Sens de l'arrêt : Rejet
Type d'affaire : Civile

Numérotation :

Numéro d'arrêt : 11-18529
Numéro NOR : JURITEXT000026607921 ?
Numéro d'affaire : 11-18529
Numéro de décision : 11201285
Identifiant URN:LEX : urn:lex;fr;cour.cassation;arret;2012-11-07;11.18529 ?

Analyses :

MINEUR - Procédure - Dossier - Droit de consultation - Titulaires - Détermination - Portée.

MINEUR - Procédure - Dossier - Consultation - Consultation par les grands-parents - Possibilité (non).
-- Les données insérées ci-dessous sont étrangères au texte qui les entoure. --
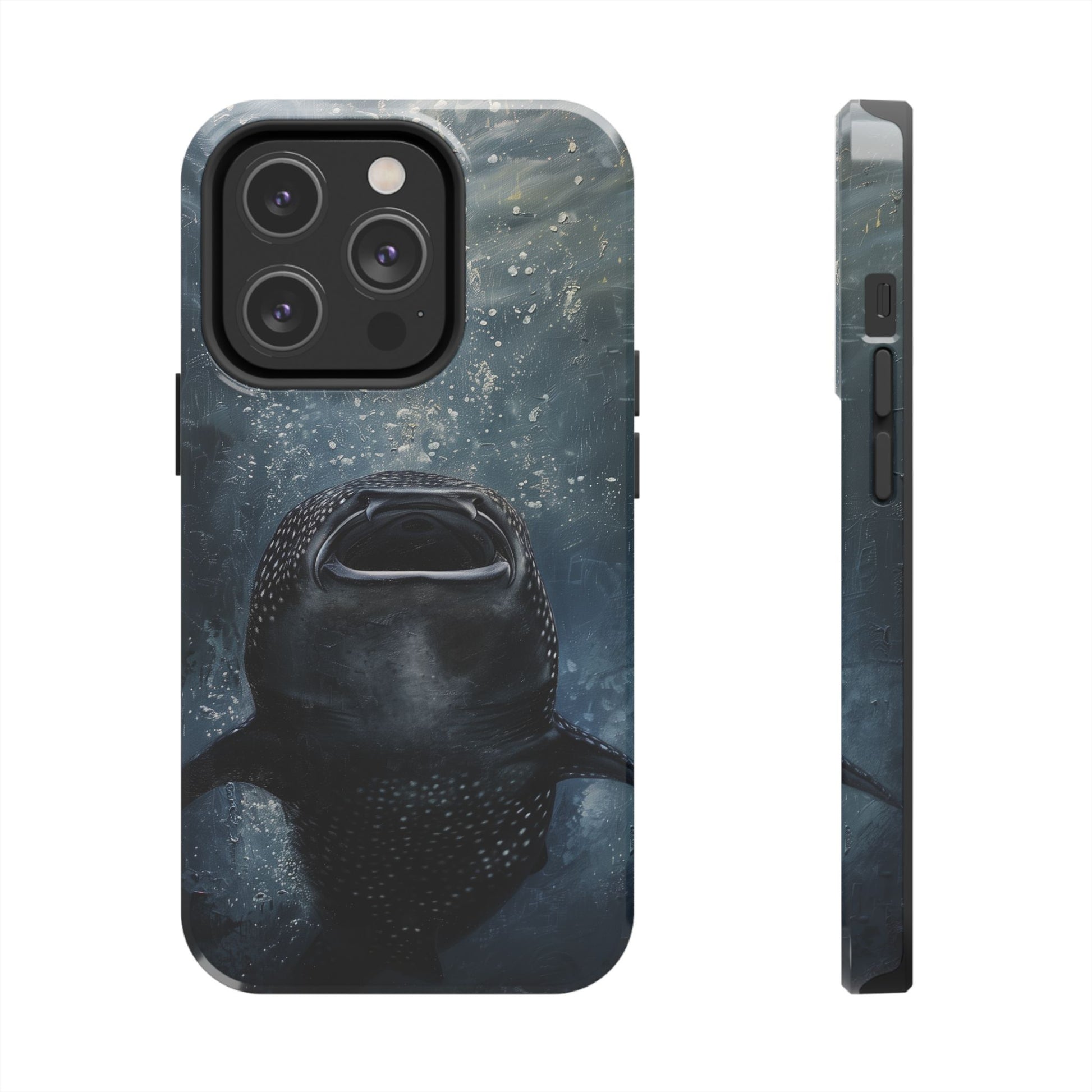 Rising Majesty: Whale Shark Feeding Tough Phone Case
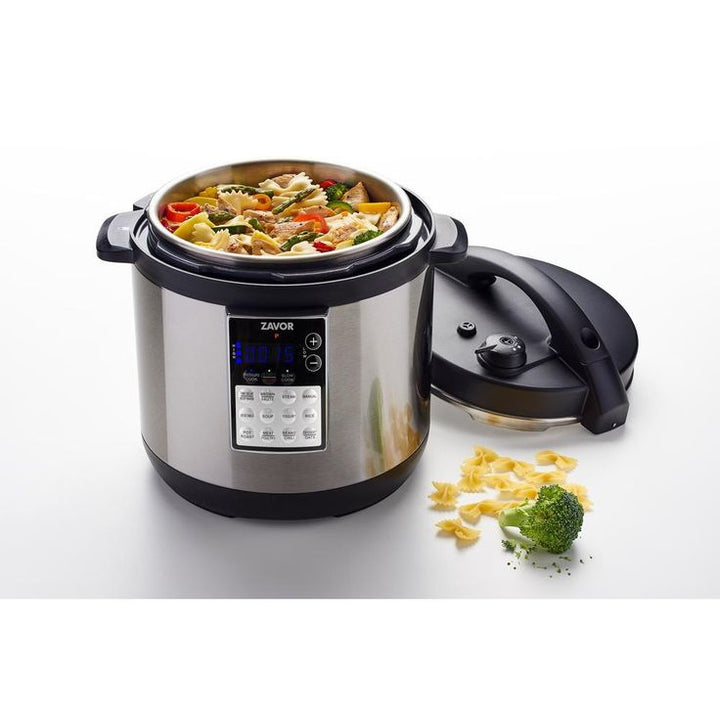 LUX EDGE 8 Qt. Stainless Steel Electric Pressure Cooker with Stainless Steel Cooking Pot
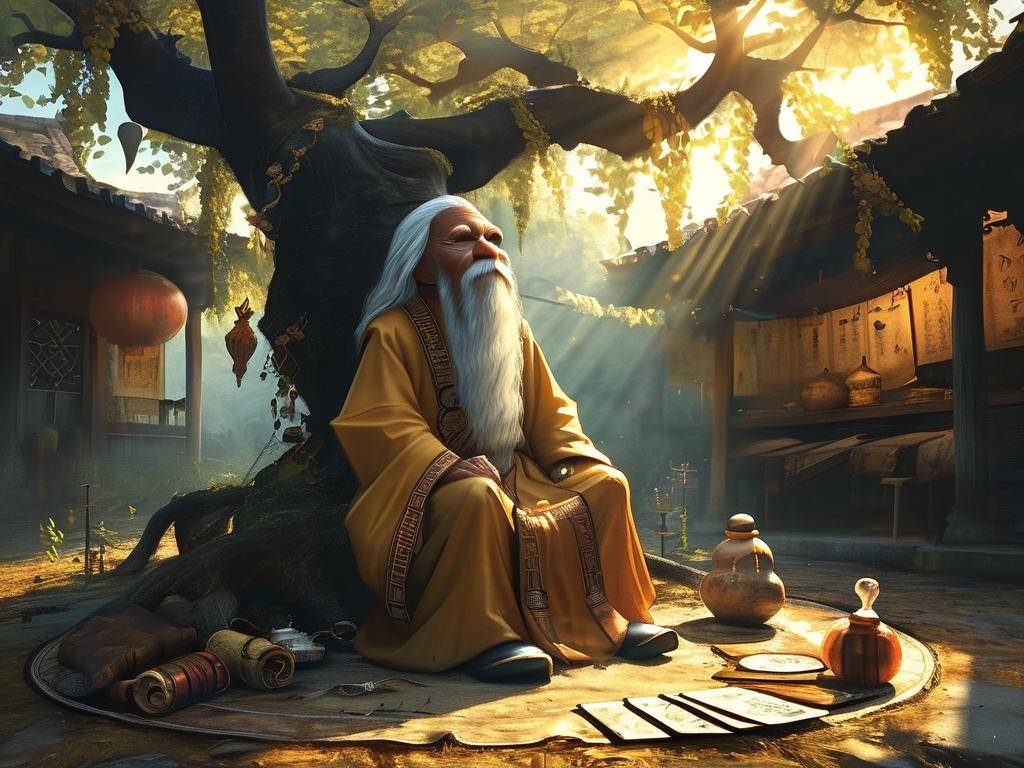 平和县宝丰村瞎子算命(1)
En application des articles 1222-2 et 1187 du code de procédure civile, une cour d'appel énonce à bon droit que le droit de consulter le dossier de tutelle de l'enfant est ouvert au mineur capable de discernement, à ses père et mère et au tuteur de sorte que la demande de consultation formée par les grands-parents ne peut qu'être rejetée


Texte :

LA COUR DE CASSATION, PREMIÈRE CHAMBRE CIVILE, a rendu l'arrêt suivant :
Attendu, selon l'arrêt attaqué (Rouen, 1er avril 2011), qu'Arnaud X... est décédé le 7 avril 2007, laissant pour lui succéder son épouse, Mme Y..., et leur fils Amaury, né le 4 février 2005 et placé, suite au décès de son père, sous l'administration légale sous contrôle judiciaire de sa mère ; que les grands-parents paternels de l'enfant ont saisi, le 10 février 2010, le juge des tutelles de Rouen afin qu'il désigne un conseil de famille en vue de l'ouverture d'une tutelle aux biens du mineur et ont sollicité la consultation de son dossier ;
Sur le premier moyen :
Attendu que les époux X... font grief à l'arrêt confirmatif attaqué de rejeter leur requête en consultation du dossier de leur petit-fils, alors, selon le moyen, que toute personne a droit à ce que sa cause soit entendue équitablement et contradictoirement ; que cette exigence implique que chaque partie ait la faculté de prendre connaissance et de discuter de toute pièce ou observation présentée par l'adversaire en vue d'influencer sa décision et d'en discuter ensuite avec le juge ; qu'en écartant la requête des grands-parents paternels du mineur, requérants à l'instauration d'un conseil de famille pour la mise en place d'une tutelle aux biens du mineur Amaury X..., tendant à la consultation du dossier de ce dernier détenu par le juge des tutelles, la cour d'appel a violé les articles 16 du code de procédure civile et 6, § 1 de la Convention européenne des droits de l'homme ;
Mais attendu que, c'est à bon droit et sans méconnaître le principe de la contradiction que l'arrêt énonce qu'en application des articles 1222-2 et 1187 du code de procédure civile le droit de consulter le dossier est ouvert au mineur capable de discernement, à ses père et mère et au tuteur de sorte que la demande de consultation formée par les grands-parents ne peut qu'être rejetée ; que le moyen n'est pas fondé ;
Sur le second moyen, pris en ses diverses branches, ci-après annexé :
Attendu que le moyen n'est pas de nature à permettre l'admission du pourvoi ;
PAR CES MOTIFS :
REJETTE le pourvoi ;
Condamne les époux X... aux dépens ;
Vu l'article 700 du code de procédure civile, rejette la demande ;
Ainsi fait et jugé par la Cour de cassation, première chambre civile, et prononcé par le président en son audience publique du sept novembre deux mille douze.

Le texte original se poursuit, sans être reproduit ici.